SESSION TITLE: Sleep Disorders
SESSION TYPE: Original Investigation Slide
PRESENTED ON: Sunday, October 25, 2015 at 07:30 AM - 08:30 AM
PURPOSE: The STOP-Bang questionnaire has been validated as a screening tool for obstructive sleep apnea (OSA) in patients during preoperative assessment. It’s applicability to the general population is less well studied with only a few studies to date. We wanted to assess the ability of the questionnaire to identify patients with OSA in the primary care setting.
METHODS: The STOP-Bang questionnaire was completed prospectively by patients sent by their primary care physician for level 3 testing at our regional sleep laboratory. Testing was done by a registered sleep technologist who then manually scored the study. The raw data was then manually reviewed by a sleep physician to determine a diagnosis of OSA. The diagnostic performance of the STOP-Bang score was analyzed (sensitivity and specificity) using two distinct criteria - 1) interpreting sleep physician decision to treat - ‘positive study’ and 2) AHI of ≥15/hour.
RESULTS: A total of 312 patients completed the questionnaire and went on to have a level 3 study done. Analysis based on decision to treat found that a score of ≥2/8 had a sensitivity of 97.2%. Using an AHI cutoff of ≥15/hour the same score had a sensitivity of 98.0%. A score of ≥3/8 yielded sensivities of 88.3% and 94% respectively. The corresponding specificities were low. A score of ≥6/8 or higher had 95.9% specificity for OSA. Using an AHI cutoff of ≥15/hour, the same score had a specificty of 95%. A score of ≥7/8 increased the specificity to 100% and 98.1% respectively. Corresponding sensitivities were low.

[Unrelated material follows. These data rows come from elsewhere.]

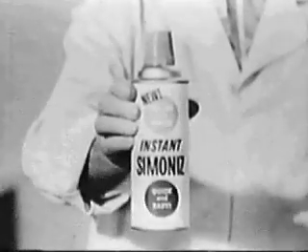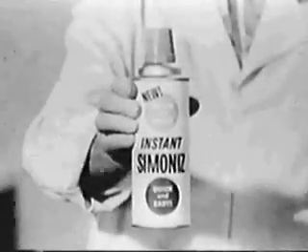Try Instant Simon Ice — another easy new way to brighten your day. From Simon Ice Company.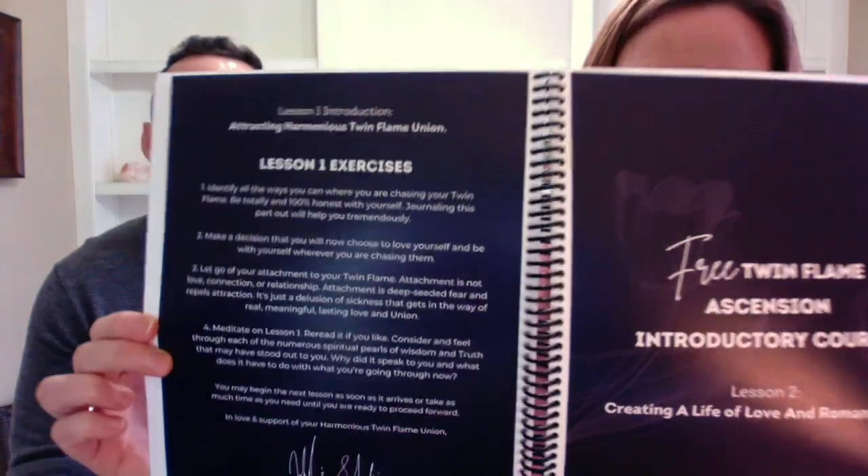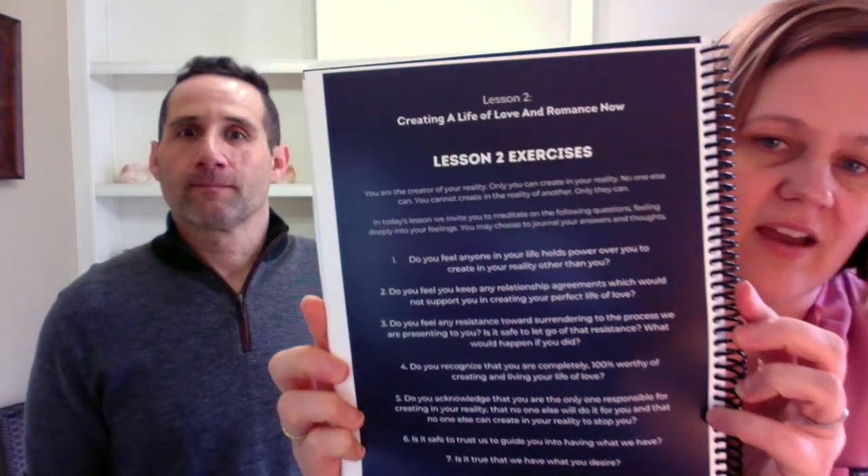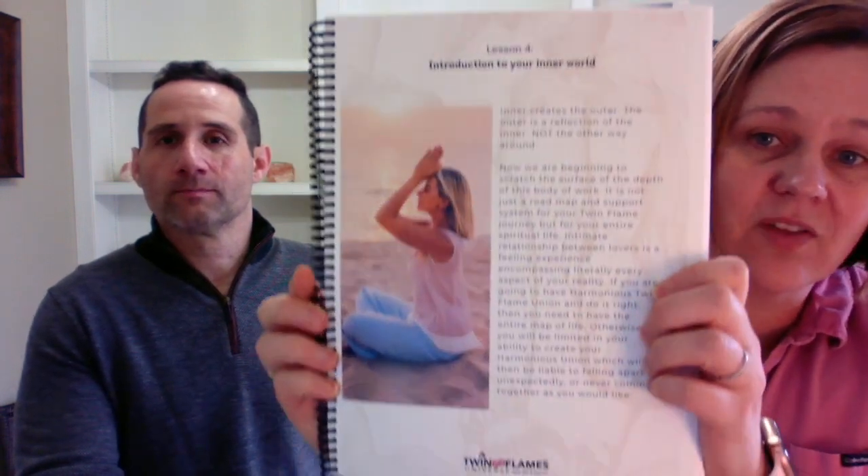You can see it's the free course. Here's a page — you know, 'Creating a Life of Love and Romance,' Lesson Two. Something I really love about Jeff and Shaleia's work in the Twin Flames Universe body of work is that there's always exercises. There are meditations, exercises, and concepts — it's very logical and practical, which really helps me as a hands-on learner grasp the concepts. It's an incredible introduction to your inner world.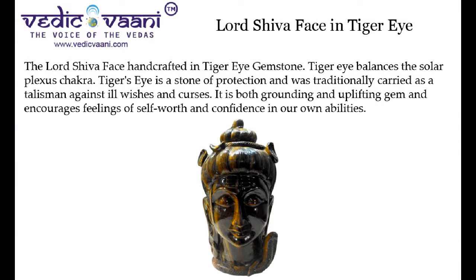The Lord Shiva Face, handcrafted in Tiger Eye Gemstone. Tiger Eye balances the solar plexus chakra. Tiger's Eye is a stone of protection and was traditionally carried as a talisman against ill wishes and curses. It is both a grounding and uplifting gem and encourages feelings of self-worth and confidence in our own abilities.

CONCLUSIONS: A STOP-Bang score of <2/8 appears to rule out an AHI of ≥15/hour and a score of ≥6/8 rules in an AHI of ≥15/hour in this population.
CLINICAL IMPLICATIONS: In this primary care setting, a STOP-Bang score of less than 2 may be used to rule out significant OSA and a score of 6 or higher may be used to establish a diagnosis of OSA. Application of this model may allow for improved resource utilization and triage of diagnostic testing.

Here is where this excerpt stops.